The cockerel we originally thought was a hen, Mrs Doubtfire, is no more. We tried to find him a home, but nobody here has much use for a cockerel, even one as handsome and assertive as Mrs Doubtfire. So we began to contemplate the unthinkable: eating him. After all, the hens weren't laying much in his presence, probably distracted by the bloody racket he kept making. And we didn't want fertilised eggs from them anyway - we wanted poached and soft-boiled ones.
But how to dispatch him? I have now been living in the Herefordshire countryside for 18 months, and in that time my smallholding skills have come on apace. I can saddle a miniature Shetland pony with only a limited amount of swearing. I can pick up a squawking chicken with something approaching insouciance. But when it came to killing Mrs Doubtfire I realised that I was still very much a townie. I couldn't bear the idea of wringing his neck or chopping his head off, largely out of concern for my own sensibilities, I'm ashamed to say, rather than his. We tried to think of townie ways of killing a cockerel. Jane suggested backing over him in the Volvo.
In the end I phoned Malcolm, who lives in the next village and had been recommended to us as an expert in these matters. He came round within the hour and stuffed Mrs Doubtfire into a cage, although not before Mrs D led him a merry dance round the chicken run. I confess that I looked on with a degree of pride as Mrs Doubtfire gave Malcolm a neat body swerve, not quite as I do when my eight-year-old son makes a successful sliding tackle in a school football match, but nearly.
We had told the children that Mrs Doubtfire was going away to live with Malcolm, who collaborated admirably in the deception. I suppose we should have told them the brutal truth - they need to know the realities of living in the country. But we had made it difficult for ourselves by giving the cockerel a name, especially the name of a film character the kids like. We should have called him Captain Hook.
A week or so later Malcolm returned Mrs Doubtfire in a carrier bag, plucked and oven-ready. Jane peeped gingerly inside. "Do you think he's at all, you know, recognisable?" she asked.
As a meal for two, he was considerably less fine than he had been as a strutting cock. There wasn't much meat on him and what there was, was rather tough. Which I suppose was a revenge of sorts. I did use his bones to make an excellent stock, however, which later formed the basis of a superb onion soup, made with onions that we harvested from our vegetable garden months ago. Once the guilt had subsided we felt very Tom and Barbara Good about ourselves, even if, at the sharp end of living in the country, we are still more Jerry and Margo.

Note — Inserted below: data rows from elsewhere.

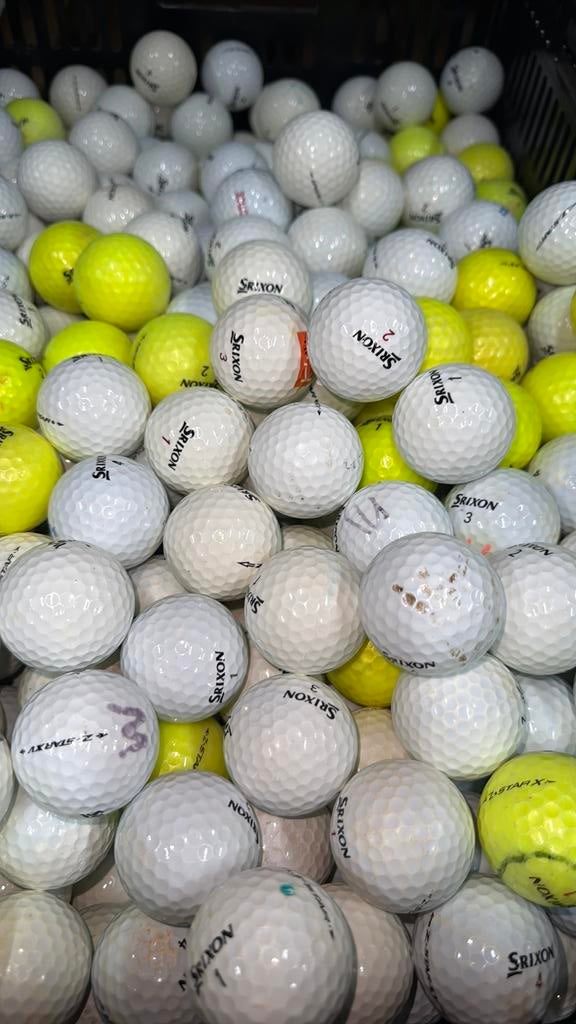 Z star XV golfballen 50 stuks ultra deal, Ophalen of Verzenden, Zo goed als nieuw, Bal(len)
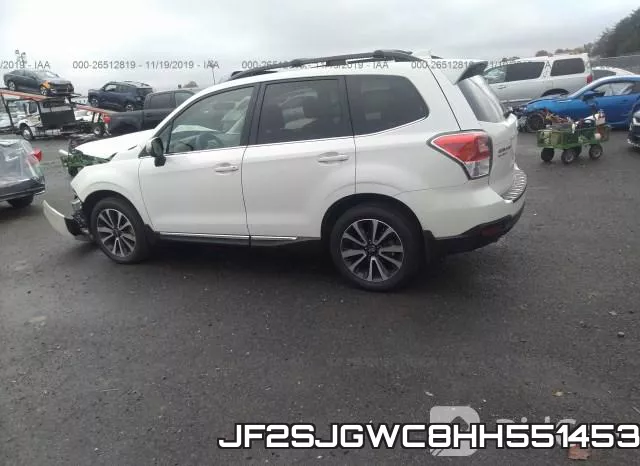 JF2SJGWC8HH551453 фото 4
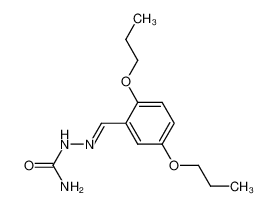 2,5-Dipropoxybenzaldehydsemicarbazon CAS:39869-09-5 manufacturer & supplier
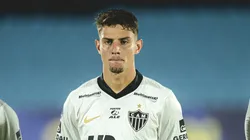 Natanael durante partida do Galão no Estádio Centenário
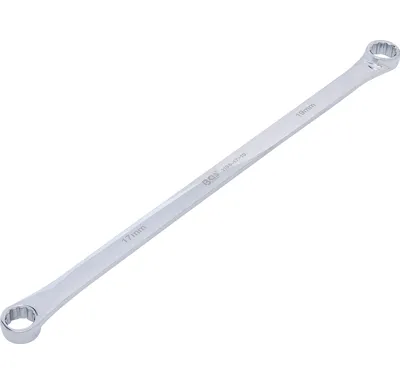 BGS Klíč očkový 17x19 mm, prodloužený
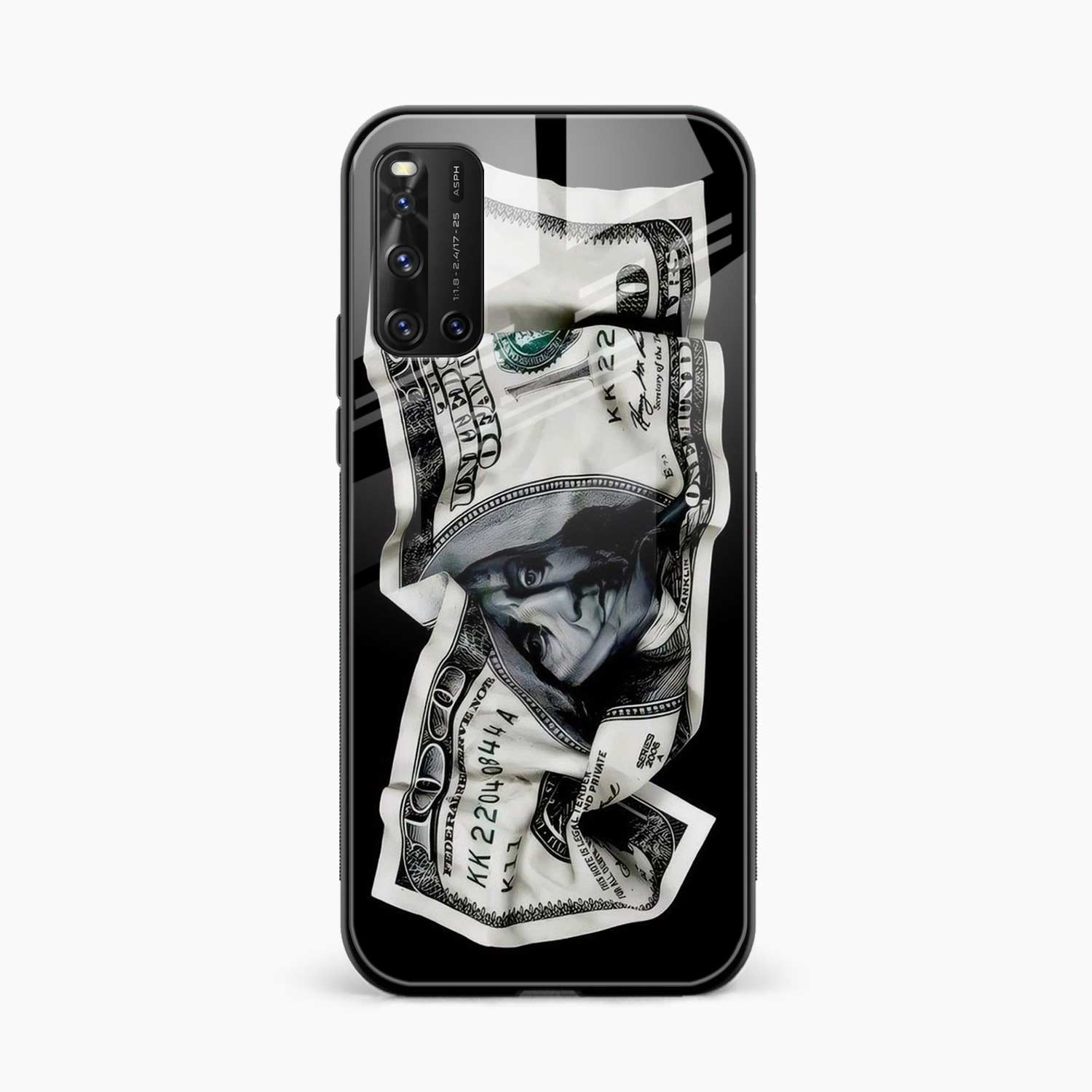 Dirty Money Vivo V19 Back Cover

And now for your bonus question...
My colleague John Lichfield last week reported from Paris on the increasing popularity of intellectual soirées in cafes and bars, at which cerebral French people earnestly discuss politics, science and philosophy. He beguilingly contrasted this with its nearest equivalent in Britain, the pub quiz. It is certainly true that pub quizzes do not engage the intellect in the same way as ruminations on existentialism in Café les Deux Magots, and that even bright young people in Britain would, on the whole, rather debate which former Blue Peter presenter is the daughter of Gloria Hunniford, or what is the surname of Mel Gibson's character in the Lethal Weapon films, than how European agricultural policy should proceed in anticipation of climatic change.

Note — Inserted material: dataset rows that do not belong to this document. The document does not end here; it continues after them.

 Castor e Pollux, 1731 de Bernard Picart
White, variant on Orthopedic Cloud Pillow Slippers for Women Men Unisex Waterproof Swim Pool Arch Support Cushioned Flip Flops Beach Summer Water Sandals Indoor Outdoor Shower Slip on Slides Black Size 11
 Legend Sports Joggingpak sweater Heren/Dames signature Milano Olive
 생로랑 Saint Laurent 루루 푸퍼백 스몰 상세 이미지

Still, the pub quiz I attended last Tuesday, at the Boot in the north Herefordshire village of Orleton, was a classic of its kind: fun, spirited and altogether an enjoyable bonding opportunity for a small community on a cold winter's evening. Moreover, in the True or False round, it emerged that Venezuelan scientists really have invented a "wind-free" baked bean.
So in response to John telling us that France has cafés scientifiques, "gatherings at which the scientifically minded can discuss advances in human knowledge", I can proudly report that the Welsh Marches do, too.

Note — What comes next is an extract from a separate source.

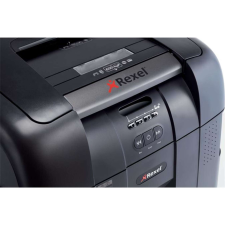  Rexel Auto+ 600X iratmegsemmisítőgép max: 600 lap, 4X40mm konfetti, 80l tartály 2103500EUA iratmegsemmisítő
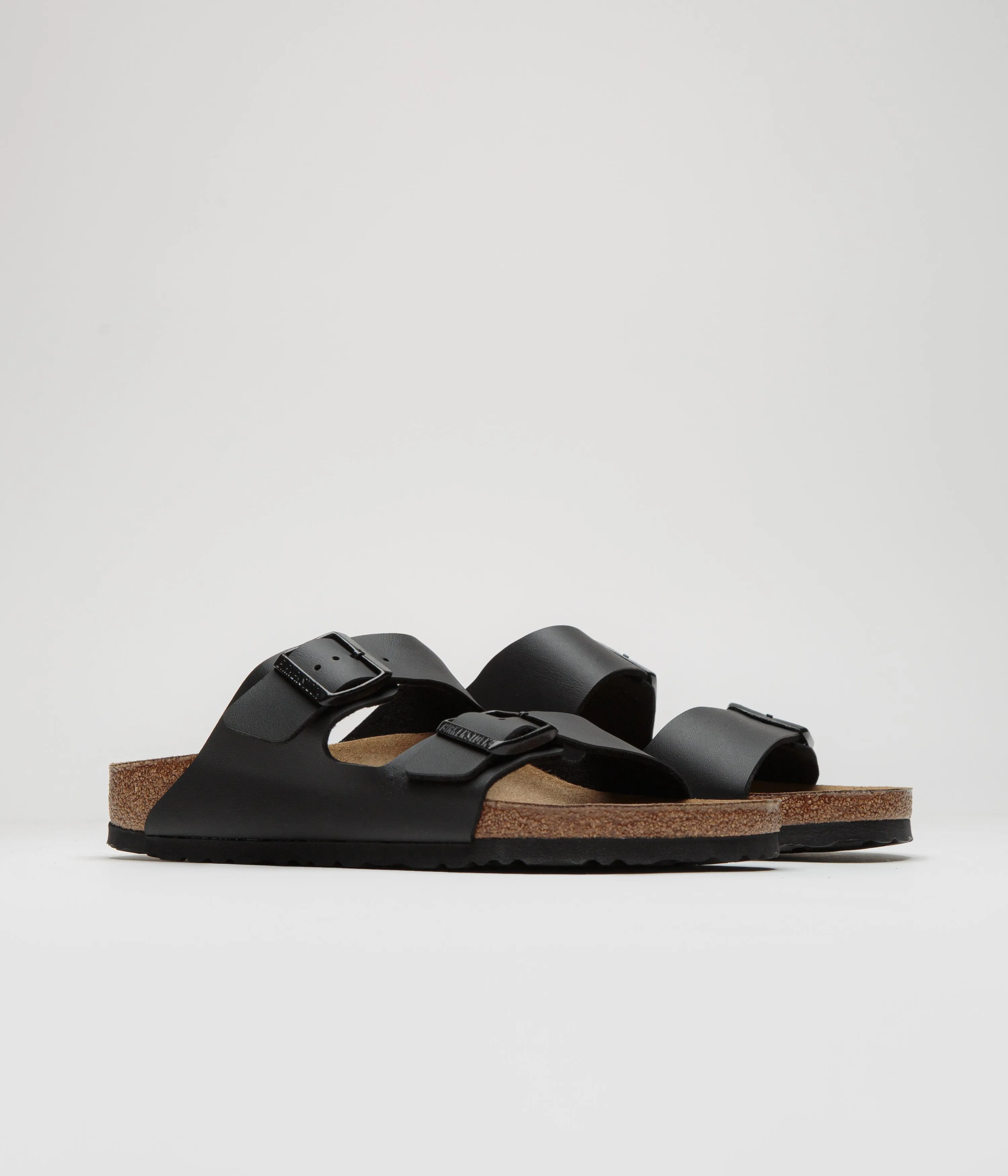 Birkenstock Arizona BF Schmale Sandalen - Schwarze Birkenstock Schuhe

Aren't you that woman off the telly?
We have a good friend who is a BBC newsreader, and who stayed with us a couple of weekends ago. We introduced her and her husband to The Roebuck in Brimfield, a pub that is renowned locally for its good food, and which Jane and I have visited several times. It wasn't us the landlady greeted, however, but our friend. Not because she recognised her as someone off the telly. After all, people off the telly don't hang out much in Brimfield, even at weekends. No, it was because the face was familiar and she thought she knew her.
It was interesting being vaguely at the receiving end of this phenomenon, because I was once, to my acute embarrassment, at the perpetrating end. At Lord's cricket ground during an England v Australia Test match a few years ago, I spied a chap who I had been at university with but hadn't seen for at least a decade. His name was Justin and I waved to him extravagantly, before marching over and pumping his hand, saying, "How the hell are you? You've hardly changed." With his look of bewilderment came my realisation that it wasn't Justin at all, but the former England rugby captain Will Carling.